When GE Aviation acquired the Czech airplane engine maker Walter Motors four years ago, Walter was an 80-year old turboprop business with some glorious history and top engineering talent. Walter’s workhorse product was the M601 engine. There were some 1,500 of them in service around the world, accumulating 17 million flight hours. But the M601 was developed in 1976 and badly needed an upgrade. With no capital to spare, Walter was doing little more than servicing the engines it had produced.

GE saw a great promise. The company was seeking to lift its presence in the turboprop market and Walter could help. After the Walter deal closed in 2008, GE tasked teams of aviation engineers in Ohio and Massachusetts and their Czech counterparts to apply U.S. know-how, advanced materials and three-dimensional aerodynamic design techniques, and slim down and rebuild the M601.
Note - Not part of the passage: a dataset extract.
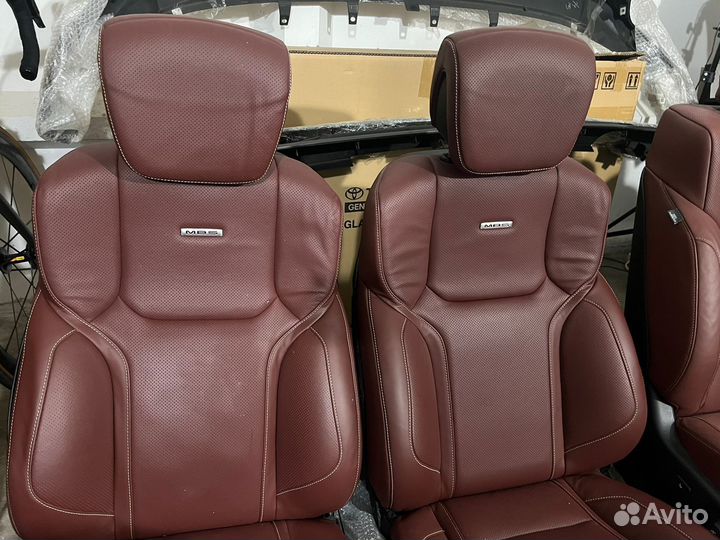 Lexus Lx450D Lx570 комплект сидений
The result was a new GE turboprop called H80. It took a maiden flight in 2010. This week, the European Aviation Safety Agency (EASA) certified the engine, a milestone GE celebrated in Prague, the Czech capital, in the company of U.S. Charge d’Affaires Joe Pennington and Czech Minister of Industry and Trade Martin Kuba.

The H80 takes the elegant and robust design of the M601 and combines it with advanced materials and sophisticated technologies to create a more powerful, fuel-efficient and durable engine. For example, the new design allows the engine to operate more efficiently in hot weather, especially during the take-off, and deliver more shaft horsepower and faster high-altitude cruise speeds.